TASK PROMPT: For the records below, print the lines from the line with "VTG Set 4 Nickel" through the line with "Ivory Knit Sweater" exactly as written; include both end lines and exclude the rest.

EXCERPTED DATA:
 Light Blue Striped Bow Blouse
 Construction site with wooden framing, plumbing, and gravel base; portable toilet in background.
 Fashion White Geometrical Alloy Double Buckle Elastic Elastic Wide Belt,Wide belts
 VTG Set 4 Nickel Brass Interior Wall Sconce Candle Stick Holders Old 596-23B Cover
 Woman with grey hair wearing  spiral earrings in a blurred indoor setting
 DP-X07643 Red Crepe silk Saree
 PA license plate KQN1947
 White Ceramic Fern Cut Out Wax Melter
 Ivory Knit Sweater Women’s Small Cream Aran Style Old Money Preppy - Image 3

...

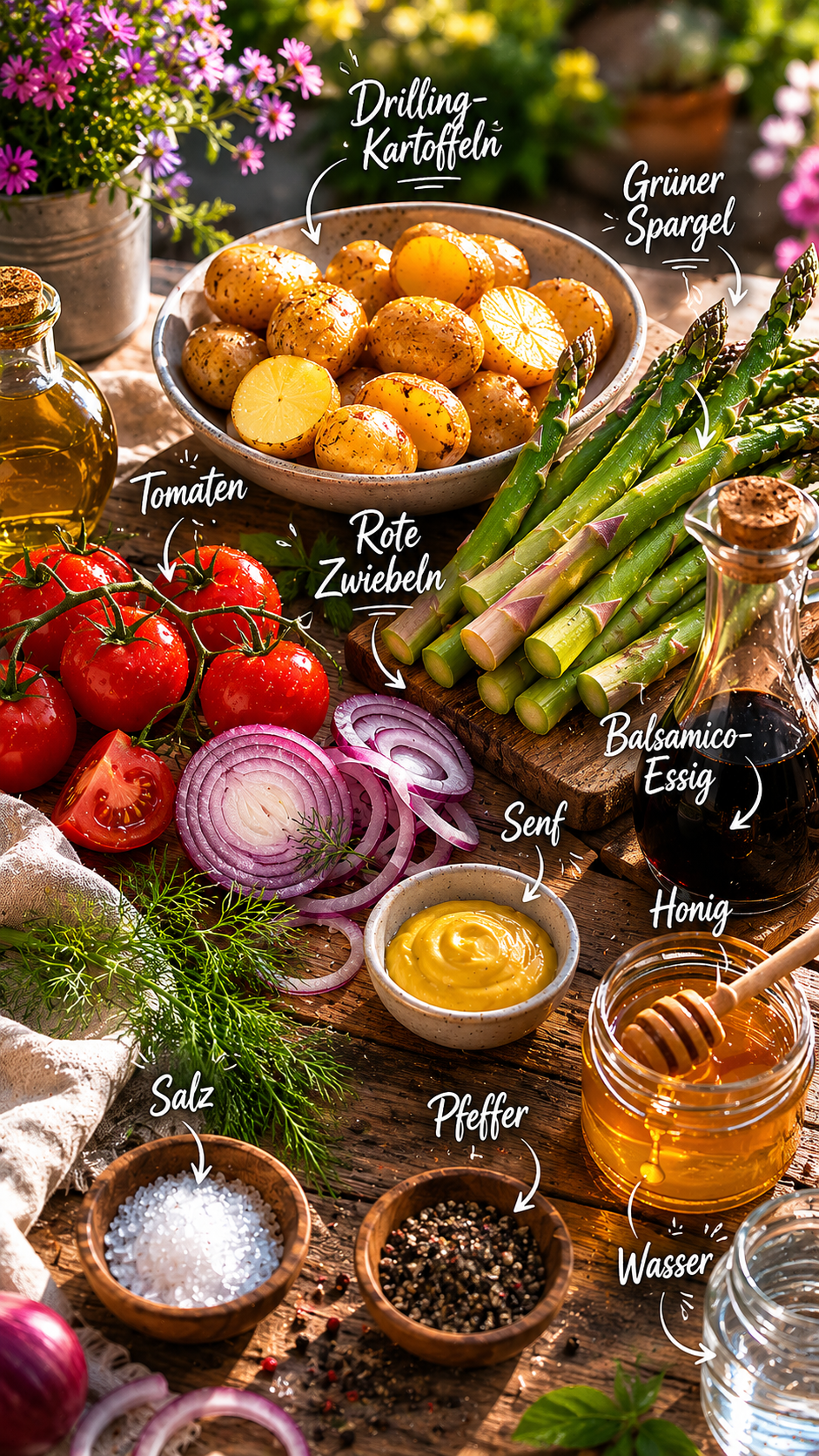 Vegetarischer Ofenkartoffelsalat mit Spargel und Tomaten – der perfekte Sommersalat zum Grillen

* * *

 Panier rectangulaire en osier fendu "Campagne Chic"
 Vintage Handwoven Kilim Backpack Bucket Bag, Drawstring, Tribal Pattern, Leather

WRITTEN RESPONSE:
 VTG Set 4 Nickel Brass Interior Wall Sconce Candle Stick Holders Old 596-23B Cover
 Woman with grey hair wearing  spiral earrings in a blurred indoor setting
 DP-X07643 Red Crepe silk Saree
 PA license plate KQN1947
 White Ceramic Fern Cut Out Wax Melter
 Ivory Knit Sweater Women’s Small Cream Aran Style Old Money Preppy - Image 3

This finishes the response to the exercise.